I always wonder what people bustling around me think of the erratic snippets they catch of my daily phone conversations with my mother as I walk through Sproul Plaza. Did they happen to catch a line in Telugu, an aggressive Hindi phrase or just enough heavily-accented English words to guess the context of our lively conversation?
Growing up in a trilingual household, I have long cherished my ability to communicate with my mother, or my Amma, in a way that surpasses the barriers of any one language. While this often means slyly gossiping about people around us in Telugu or Hindi, it also means codeswitching when words in English simply aren’t enough to capture the feeling or emotion of something.

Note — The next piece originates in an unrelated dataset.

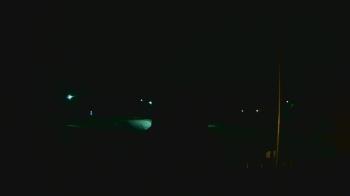 Weather camera view of Wheatland Chili Jr Sr HS.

Yet despite having three languages to spare in my emotional toolkit, the first time Amma called me in the middle of a major depressive episode, I was absolutely speechless. I was reminded of a phrase from a filmy Bollywood song that says “Kisi zaban mein bhi vo lafz hai nahi.” Indeed, there were no words in any language that could capture how I was feeling at that moment.
It’s no secret that mental health is a foreign topic for the South Asian community at large. Depression is a word only heard in hushed tones behind closed doors, often only after someone has lost the cruel battle with their mental health. Even to this day, I have only ever heard of my own grandmother’s lifelong battle with crippling, chronic depression in distant, vague terms despite my attempts to pry information out from family members two decades after her death.
In a culture that emphasizes the value of self-sacrifice for the greater good of one’s family and community, there is often a sickening sense of guilt that emanates from the mere thought of having a mental health disorder. Women in particular are raised to be pillars of strength in the family unit, drawing power and creating beauty from their own struggles, much like the fierce goddess Kali Devi in the myths our parents read to us on festival days.
As a child, I watched in awe as Amma lived her daily life like one of the goddesses whose statue she prayed to at the small shrine in our home. Like a lotus blooming in the middle of a drought, she emerged from a life of poverty in India and fought her way through a harrowing divorce to raise two young girls single-handedly in an unknown land with so much grace that I never once saw her crack. So why was I, the privileged product of this woman’s lifelong sacrifice, unable to rouse myself from the bathroom floor where I had been crying for hours on end? How did I become a lotus drowning in water?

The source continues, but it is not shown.